Angela Hicks Bowman
About Angela Hicks Bowman
Angela R. Hicks Bowman (“Angie Hicks”), age 52, is Angi’s Chief Customer Officer and a Class III director, serving since September 2017; she co-founded Angie’s List in 1995 and previously served as its Chief Marketing Officer (2000–2017) and director (2013–2017) . She holds a BA in Economics (DePauw University) and an MBA (Harvard Business School), with notable awards including TechPoint Trailblazer and HBS Alumni Achievement Award (2017) . Company Pay vs. Performance context: 2024 GAAP net earnings of $36.0M and Company TSR implies a $100 initial investment valued at $19.60 vs peer group $307.93, underscoring significant relative underperformance in 2024 despite positive GAAP earnings .
Past Roles
| Organization | Role | Years | Strategic Impact |
|---|---|---|---|
| Angie’s List | Co‑Founder | 1995–present | Originated consumer reviews marketplace; foundational brand equity for Angi |
| Angie’s List | Chief Marketing Officer | 2000–2017 | Scaled brand, demand generation, and customer acquisition |
| Angie’s List | Director | 2013–2017 | Governance during growth and pre‑combination period |
External Roles
| Organization | Role | Years | Strategic Impact |
|---|---|---|---|
| Harvard Business School Mid‑US Advisory Board | Member | Since May 2024 | Regional advisory; network/insight benefits |
Fixed Compensation
| Metric | FY 2024 |
|---|---|
| Base Salary ($) | $500,000 |
| Discretionary Bonus Paid ($) | $275,000 |
| 401(k) Company Match ($) | $9,885 |
| Contract Term | Initial 1‑year term; auto‑renewals for successive 1‑year terms unless 60‑day notice |
Performance Compensation
| Incentive Type | Metric | Weighting | Target | Actual/Payout | Vesting |
|---|---|---|---|---|---|
| Annual cash bonus | Discretionary (committee & CEO assessment) | Not formulaic | Not disclosed | $275,000 (FY24) | N/A |
| RSUs (employee award) | Equity | N/A | Not disclosed | 100,000 RSUs granted in 2024 (pre‑reverse split); Form 4 was late due to admin error | Not disclosed |
| Stock options | Equity | N/A | N/A | 25,000 vested options held (exercisable) | Subject to original award terms |
Notes:
- Angi’s executive pay framework emphasizes discretion over strict formulas; equity used primarily for retention/long‑term alignment, and options have not been a regular component in recent years company‑wide .

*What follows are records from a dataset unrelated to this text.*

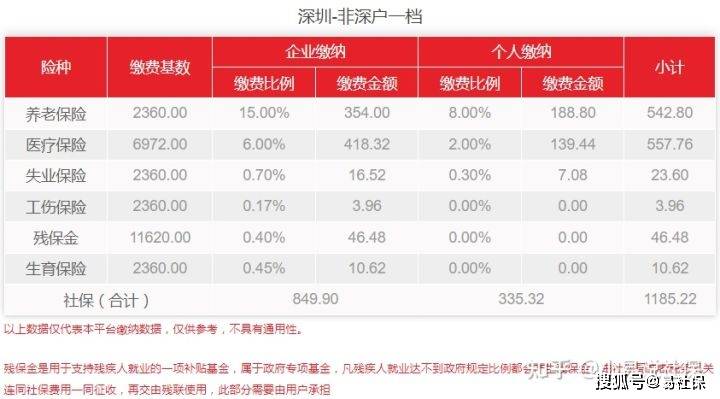 广州社保好还是长沙社保好,广州社保好还是深圳好
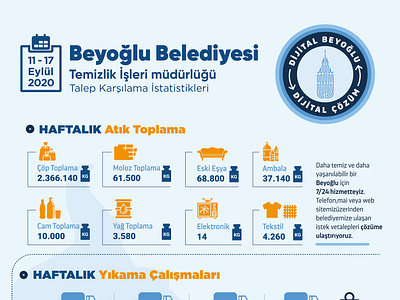 Beyoğlu Municipality Infographic
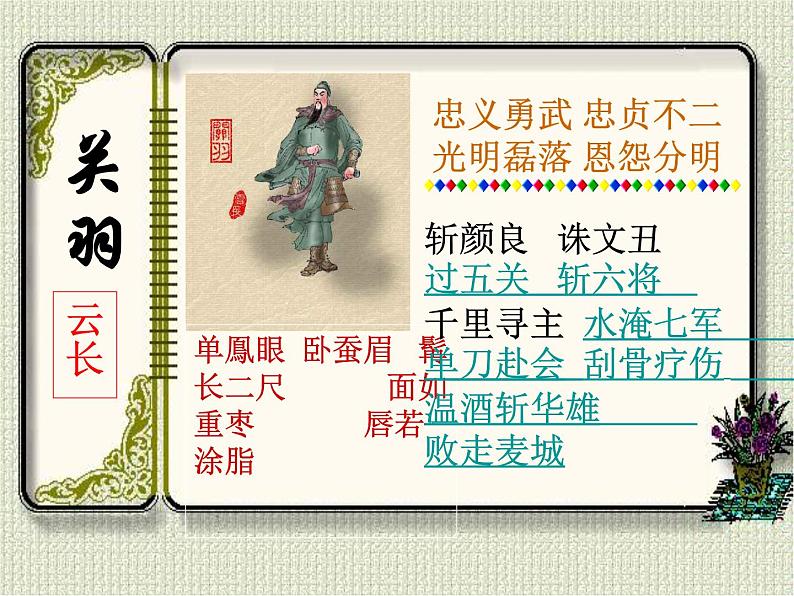 《三国演义》 作品简介名著导读PPT课件08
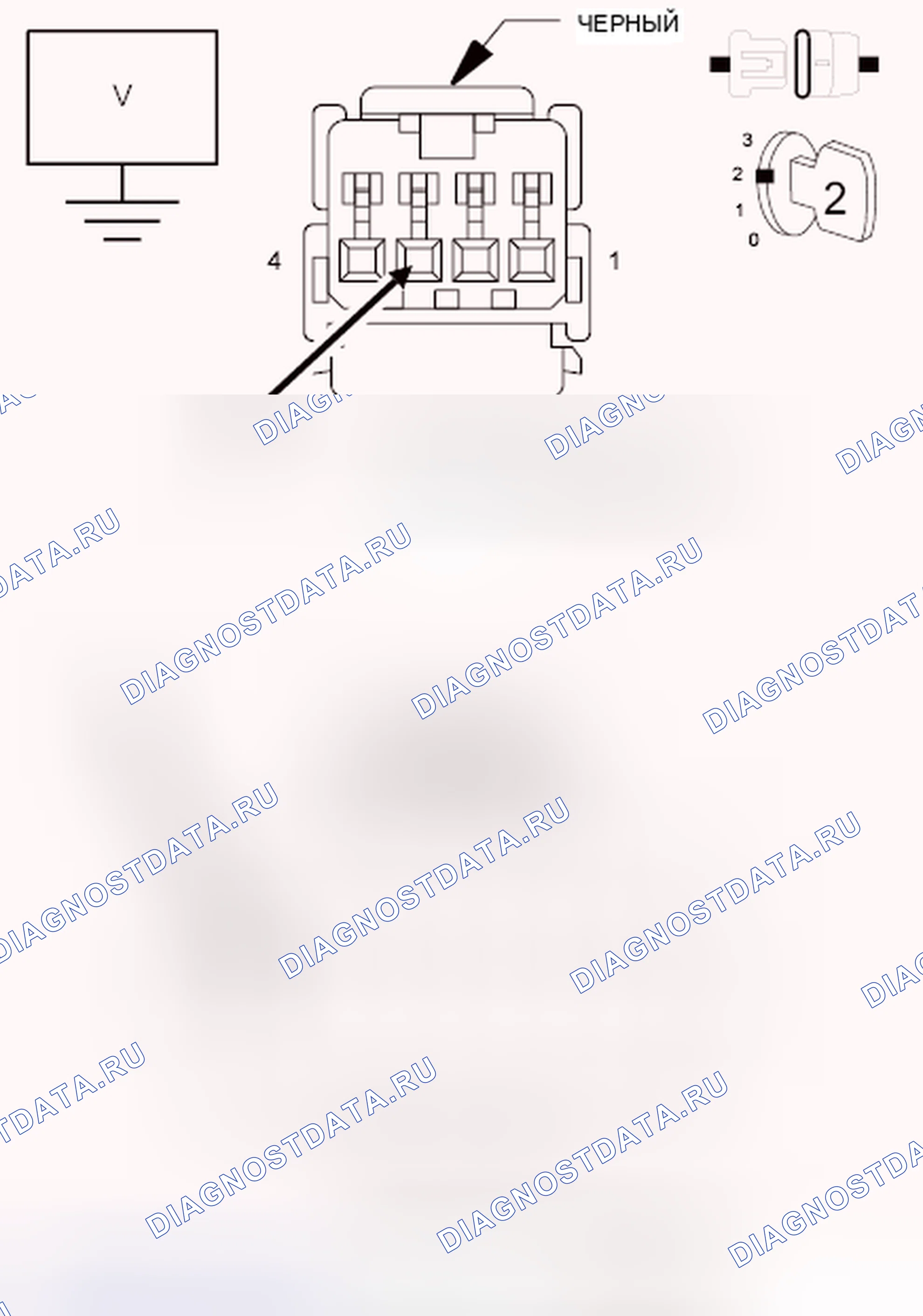Рис. 13: Диагностический тест. Hyundai IONIQ 5 I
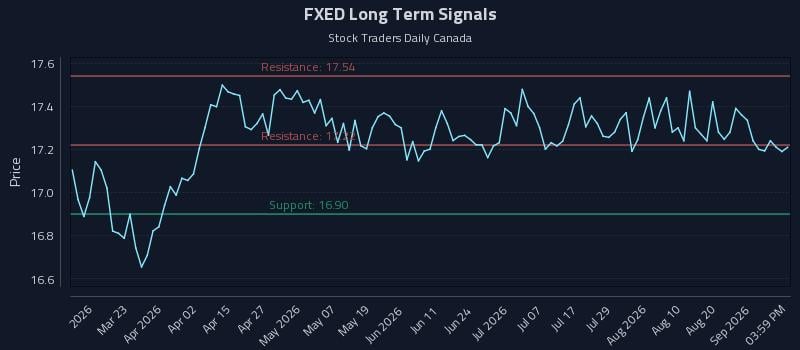 FXED Long Term Analysis for September 7 2026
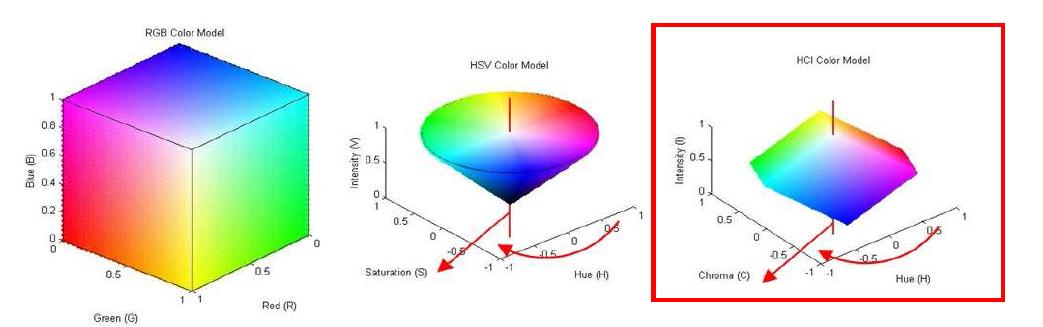 RGB (직각좌표), HSV (원뿔좌표), HCI (경계있는 원통좌표) 컬러 모델에서 색 공간의 비교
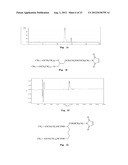 NOVEL EXENDIN VARIANT AND CONJUGATE THEREOF diagram and image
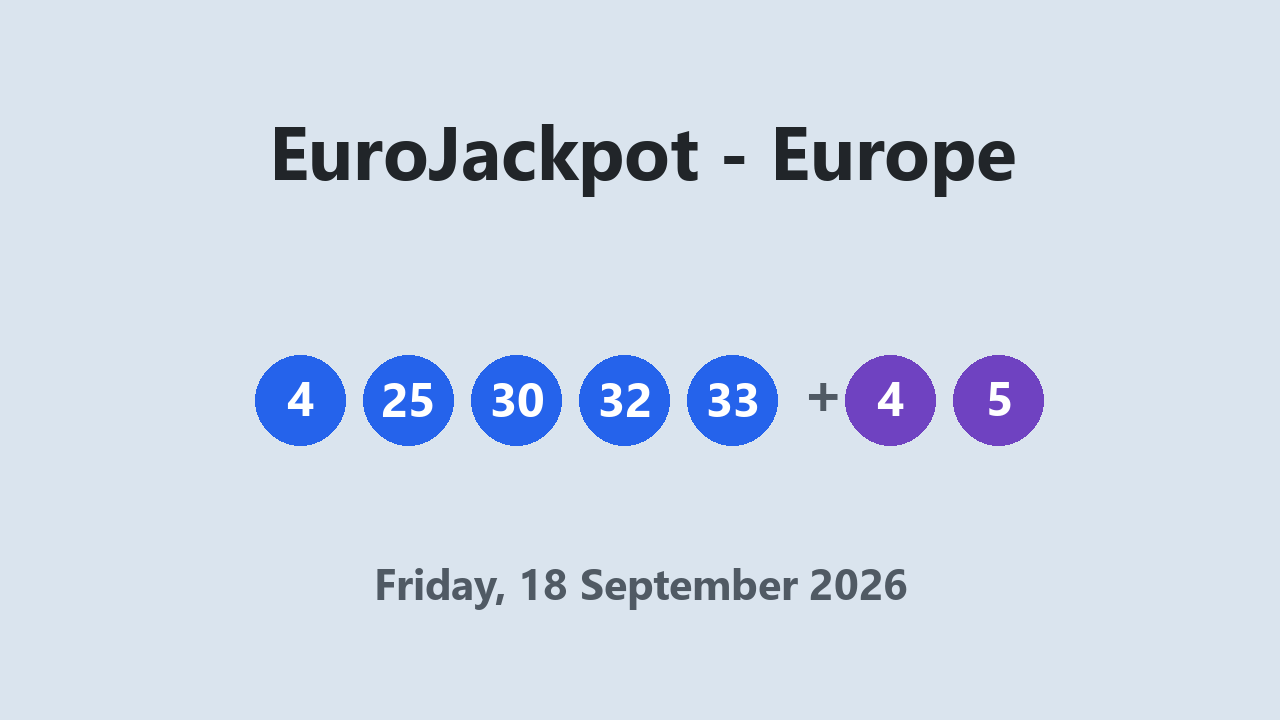 EuroJackpot results 18 September 2026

Equity Ownership & Alignment
| Item | Detail |
|---|---|
| Total Beneficial Ownership (Class A) | 50,602 shares, comprised of 25,602 shares held directly + 25,000 vested stock options |
| Ownership as % of Shares Outstanding | * (<1% of 47,950,314 shares) |
| Vested vs Unvested | 25,000 options vested; RSU vesting schedule for 2024 grant not disclosed |
| Pledging/Hedging | Company policy prohibits hedging, short sales, and pledging/margin use for directors/officers/employees |
| Stock Ownership Guidelines | Policy applies to NEOs (CEO 100k shares; CFO 12.5k; others 7.5k) and retention of 25% net shares until guidelines met; Angela is not listed among NEOs in CD&A |
Employment Terms
| Provision | Terms (Angela Hicks Bowman) |
|---|---|
| Agreement Date | May 1, 2017; auto‑renews annually unless 60‑day notice |
| Base + Bonus Eligibility | Base salary (currently $500,000), discretionary annual bonus, benefits |
| Severance (Qualifying Termination without Cause or for Good Reason) | 12 months base salary continuation and continued healthcare reimbursement; vested options exercisable until earlier of 18 months post‑termination or scheduled expiry |
| Restrictive Covenants | Non‑compete during employment and 12 months thereafter; non‑solicit during employment and for 18 months thereafter; confidentiality and IP/proprietary rights |
| Change‑in‑Control | Specific acceleration for Angela’s RSUs/options not disclosed; Angi’s plan generally provides double‑trigger equity vesting for NEOs, but Angela is not included among NEOs in CD&A |
Board Governance
- Class III director (term through 2027 annual meeting); not independent due to officer status .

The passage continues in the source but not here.